The Supreme Court's grant of certiorari yesterday in Fisher v. University of Texas makes this post particularly timely…
At The Faculty Lounge, Alfred Brophy: Starkey on Inconsistent Originalism.
Professor Brophy's post highlights a 2010 article by Brando Starkey (Villanova Law): Inconsistent Originalism and the Need for Equal Protection Re-Invigoration, which among other things makes the recurring critique that Justices Scalia and Thomas (and their originalist academic allies) have not made much of an originalist case against affirmative action. From Professor Starkey's abstract:
I argue that the Fourteenth Amendment’s original understanding is an anachronism and the future of the intent doctrine must not hinge on the ratifying generation’s formulation. Originalists implicitly agree with this contention. Indeed, Originalists’ equal protection opinions, particularly involving affirmative action, confound anyone with a basic knowledge of the Fourteenth Amendment’s legislative history. Originalists best establish how much the original understanding of the Fourteenth Amendment is unhelpful in dealing with contemporary race issues.
Professor Brophy comments in part:
I continue to be surprised by the extent to which talk of originalism dominates our thinking, but as Brando points out one looking towards an expanded equal protection principle probably needs to deal with rather circumscribed original meaning. What he does here is point out that sometimes we depart from original understanding — such as the argument that the fourteenth amendment was colorblind, when substantial evidence suggests that it do not originally prohibit segregated schools. Pointing out this inconsistency is an important (if somewhat dicey) proposition — for it argues that the Fourteenth Amendment allows race-conscious discrimination. All of that goes to show that originalists have departed in certain circumstances from what originalism counsels. If they have done so in some cases, then perhaps they should do so in others…. There is a lot to this article; I hope you have the chance to read it.
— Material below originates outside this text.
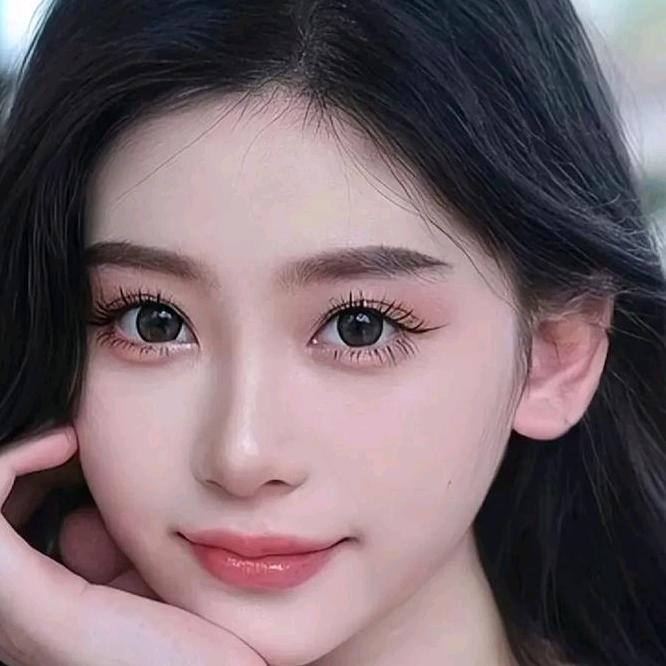 鑫美发臻选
My view is that the failure adequately to explain the anti-affirmative action decisions on originalist grounds is a serious weakness in the Scalia/Thomas jurisprudence. (I'm not saying they can't be so explained, only that they haven't been). If I'm overlooking important originalist scholarship on this issue please let me know. With the Fisher case coming up next Term, this is a good time for originalists who care about this issue to get to work.